Task. Find the line containing "3.8吋小巧智慧機 LG Optimus L4 II E440" in the records below. Copy exactly that line and each one after it, ending at the line containing "Bandeira rasgada - Rio", and nothing more.

Data section.
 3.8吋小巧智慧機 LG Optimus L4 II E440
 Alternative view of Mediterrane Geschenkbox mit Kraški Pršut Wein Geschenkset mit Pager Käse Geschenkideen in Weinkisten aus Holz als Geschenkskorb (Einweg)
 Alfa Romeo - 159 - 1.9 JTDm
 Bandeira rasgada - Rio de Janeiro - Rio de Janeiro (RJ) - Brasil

==

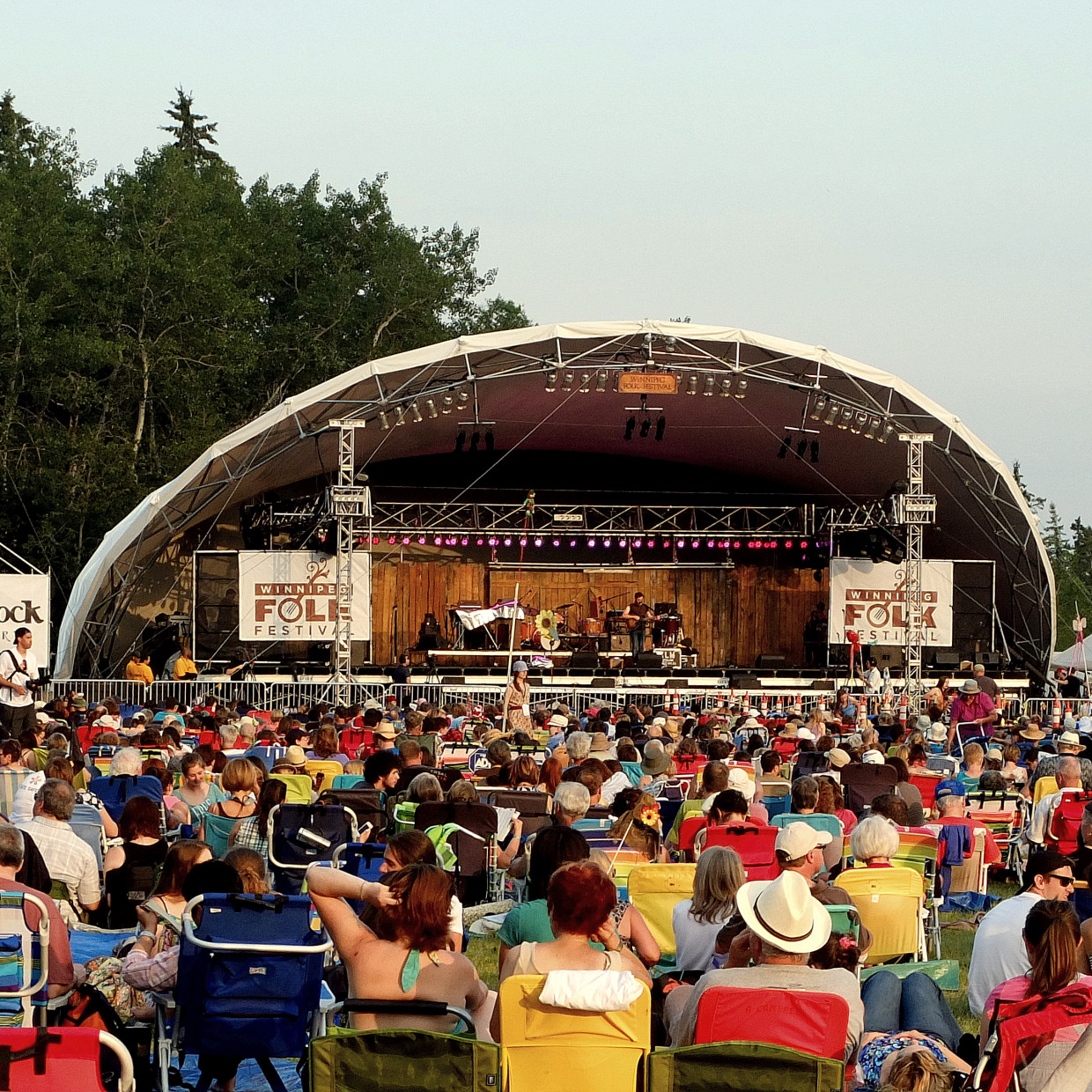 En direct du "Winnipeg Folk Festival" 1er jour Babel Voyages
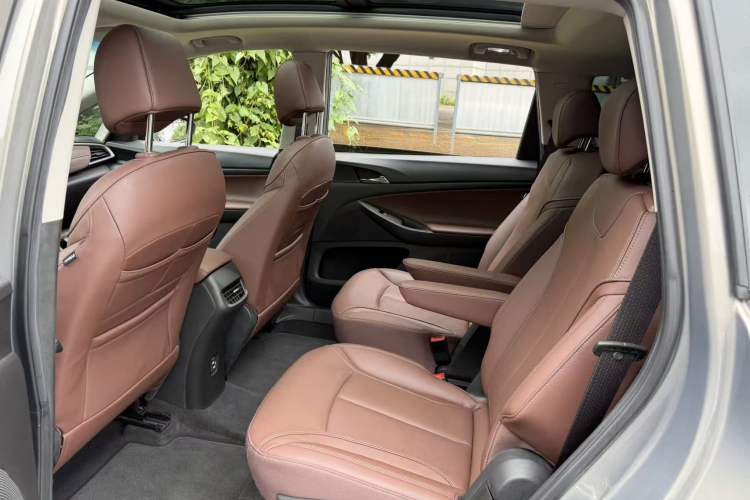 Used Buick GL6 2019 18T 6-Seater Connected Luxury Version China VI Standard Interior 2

Result.
 3.8吋小巧智慧機 LG Optimus L4 II E440
 Alternative view of Mediterrane Geschenkbox mit Kraški Pršut Wein Geschenkset mit Pager Käse Geschenkideen in Weinkisten aus Holz als Geschenkskorb (Einweg)
 Alfa Romeo - 159 - 1.9 JTDm
 Bandeira rasgada - Rio de Janeiro - Rio de Janeiro (RJ) - Brasil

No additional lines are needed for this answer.